Florida’s business infrastructure is not only growing, it’s poised to become greener, too. In June 2008, Gov. Charlie Crist, a long-time advocate of green initiatives and alternative fuels, put his signature on Florida’s most progressive energy bill to date, which includes new energy-efficient building codes, renewable energy standards and a program to reduce greenhouse gas emissions.

“Charlie Crist has fired the starting gun,” says Jerry Karnas, director of the Environmental Defense Fund’s Florida Climate Project and a member of the Governor’s Action Team on Energy and Climate Change, “because it’s time for Florida to get into the race. Crist is not only offering a moral pathway, but also a pathway to a new economy.”

Market forces, shifting demographics and a spirit of innovation are fueling a statewide infrastructure makeover, and green technologies play a vital role.


“Our balanced approach to meeting future energy needs uses a combination of resources, including energy efficiency, renewable energy and state-of-the-art power plants such as nuclear,” says Jeffrey Lyash, president and CEO of Progress Energy Florida, which has invested heavily in renewable initiatives such as solar, hydrogen, wind and biomass.

“We think biomass is especially promising,” he adds. “Since 2006, we have signed contracts to purchase the electrical output of three biomass power producers. We also consider nuclear to be a green energy source because it is carbon free and does not contribute to climate change.”

Energy sector investments across the board are guided, in part, by population growth. From 2000 to 2007, Florida’s population grew by about 2.4% annually. The University of Florida’s Bureau of Economic and Business Research predicts that Florida’s population will grow by just 1.1% each year through 2010, then return to previous growth levels through 2020. Energy providers are taking these numbers into consideration and looking long term.

“We have experienced slower customer growth in 2007 and in the first quarter of 2008 than in previous years,” says John Ramil, Tampa Electric Company (TECO) Energy president and COO. TECO expects to return to a more normal growth pattern of about 2% by 2010 and, Ramil says, “to add 150 megawatts of generation per year and related transmission and distribution infrastructure.”

Likewise, Pensacola-based Gulf Power, a subsidiary of Southern Company, expects demand to increase 2% to 3% per year. Says President and CEO Susan Story, “Economic downturns come and go, but we believe Florida’s diverse economy can address these challenges and come out even stronger.”

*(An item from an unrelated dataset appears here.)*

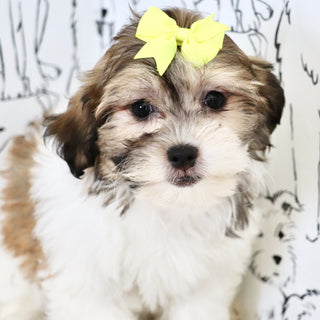 Moxie - Available Now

Florida is exploring a wide range of alternative energies: e-grass (biofuel), solar, nuclear and ocean turbines. [Photo by Forest and Kim Stars (USGS) top]

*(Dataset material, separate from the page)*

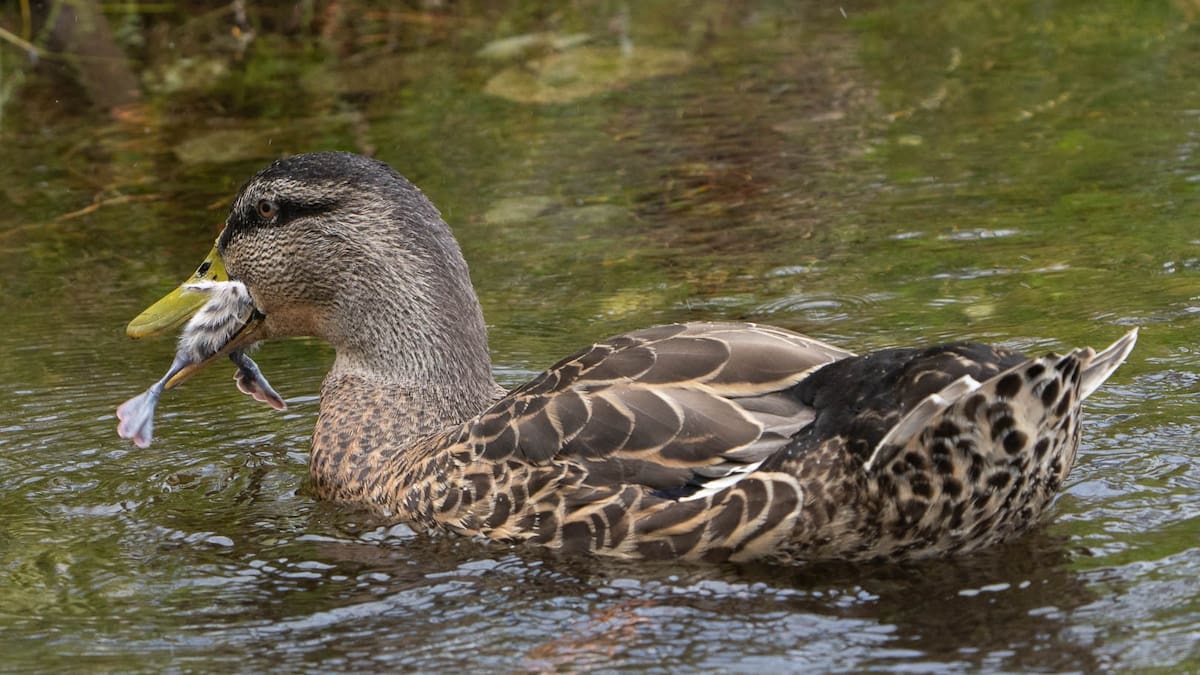 DoC fears mallard duck attacks on pūteketeke chicks could spread in South Island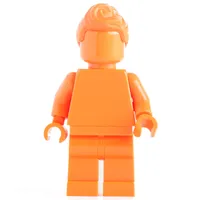 Monochrome Orange with Hair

A diversity of fuels and energy sources is meeting Florida’s needs:

Green Initiatives

Florida’s new energy bill directs the Public Service Commission (PSC) to establish minimum standards for the amount of electric energy that must be derived from renewable sources. In addition, the Florida Department of Environmental Protection must develop a “cap-and-trade” program by 2010 whereby credits would be issued to companies that reduce greenhouse gas emissions and penalties to those that do not. Power plants and other businesses that reduce pollution would be able to sell their credits to companies that exceed the mandated cap on carbon dioxide emissions.

Nuclear Power

In July 2008, Progress Energy received unanimous approval from Florida’s Public Service Commission to build a $17-billion nuclear energy facility in Levy County. Projected to come on line beginning in 2016, the plant will eventually generate 2,200 megawatts of power — enough to supply 1.3 million average households. Approvals from the Florida Department of Environmental Protection and the U.S. Nuclear Regulatory Commission are still needed before construction can begin.

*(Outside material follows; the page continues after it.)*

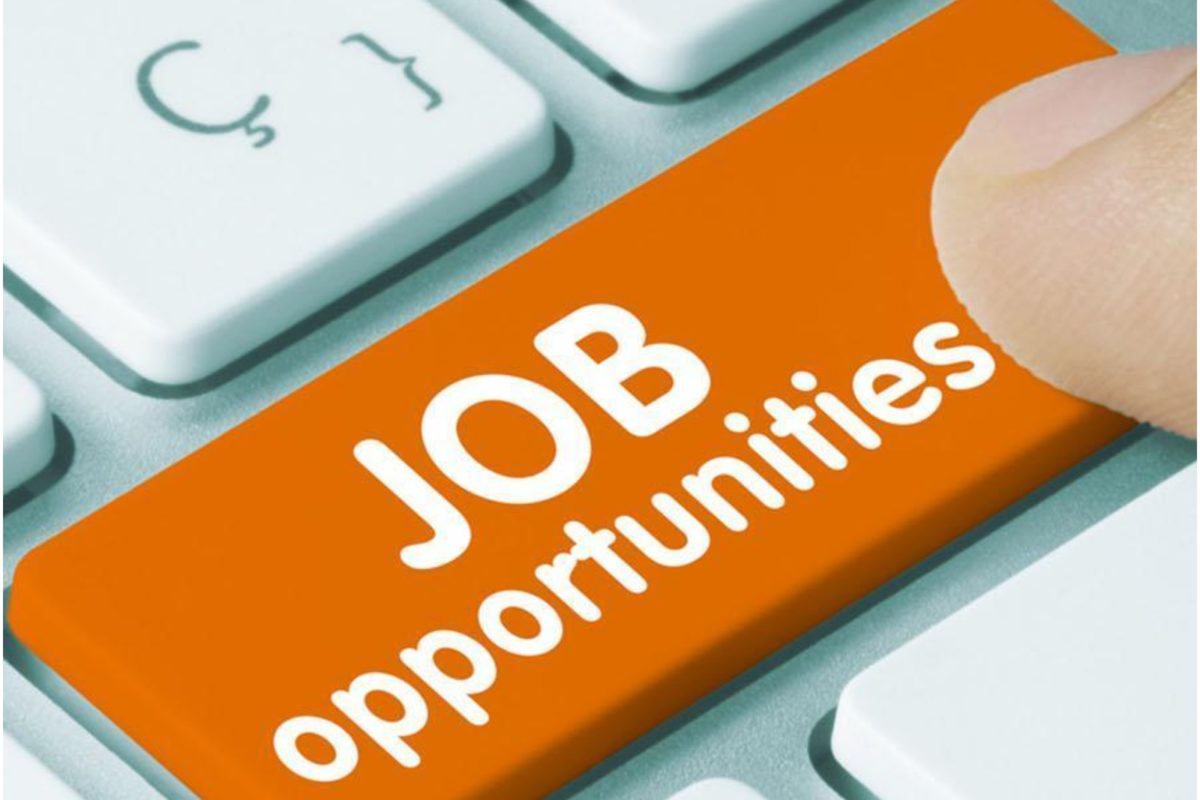 FRESHERS ATTENTION-9266351138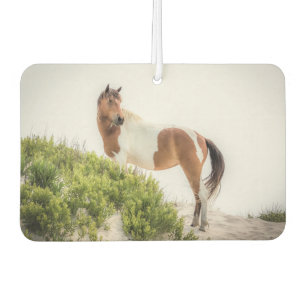 Protector of the Dunes Air Freshener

Florida Power & Light (FP&L), Florida’s largest investor-owned utility, operates two nuclear power plants in Florida — on Hutchinson Island near Fort Pierce and at Turkey Point on Biscayne Bay south of Miami; in March, the PSC approved two new nuclear plants at Turkey Point.

Bill Cantrell"Developing an intrastate natural gas pipeline is “a logical extension of the business we already do."
— Bill Cantrell, President, SeaCoast Gas and Peoples Gas

Natural Gas

About 39% of Florida’s electric generating capacity comes from natural gas. But that figure could rise to 50% by 2013, according to a 2007 Florida Energy Commission report. Worries over greenhouse emissions “have basically taken coal off the table as a fuel for new power plants in Florida,” says David Rogers, executive director of the Florida Natural Gas Association, “but they have taken natural gas up the ladder.”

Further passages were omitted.